*** Opening of Given information ***
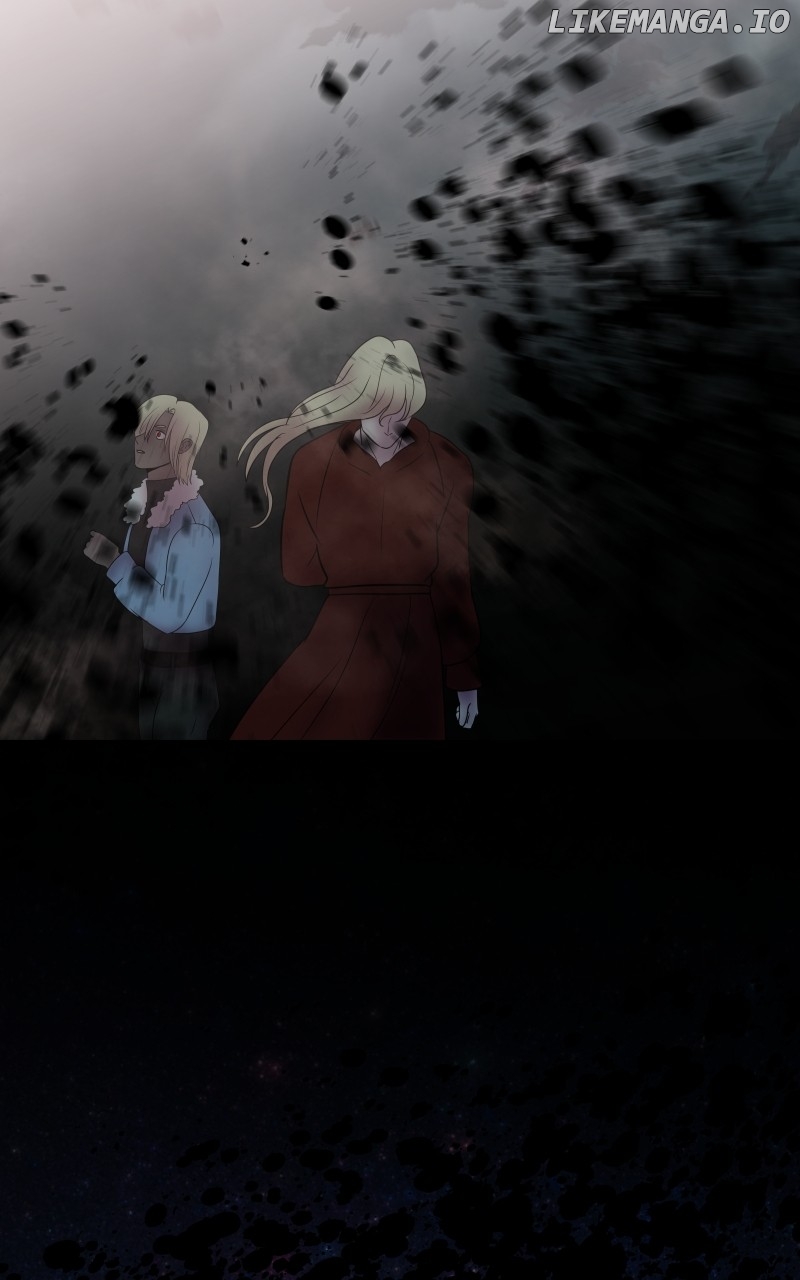 Unstable - Manhwa Chapter 108 - page 9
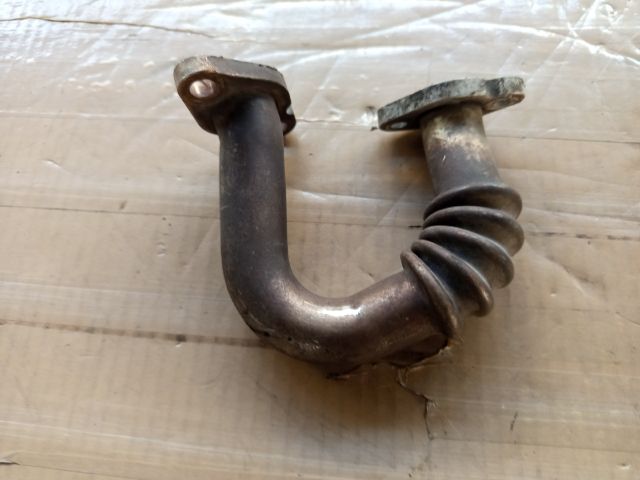 bontott SEAT IBIZA IV EGR Hűtő Cső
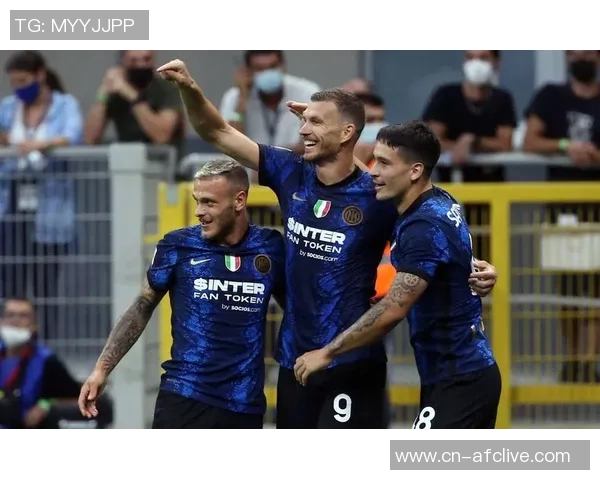 切沃主场迎战国际米兰双方争夺意甲宝贵积分的激烈对决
*** Close of Given information ***
Reproduce the data exactly, please, and omit its pictures.

# Written answer
 Unstable - Manhwa Chapter 108 - page 9
 bontott SEAT IBIZA IV EGR Hűtő Cső
 切沃主场迎战国际米兰双方争夺意甲宝贵积分的激烈对决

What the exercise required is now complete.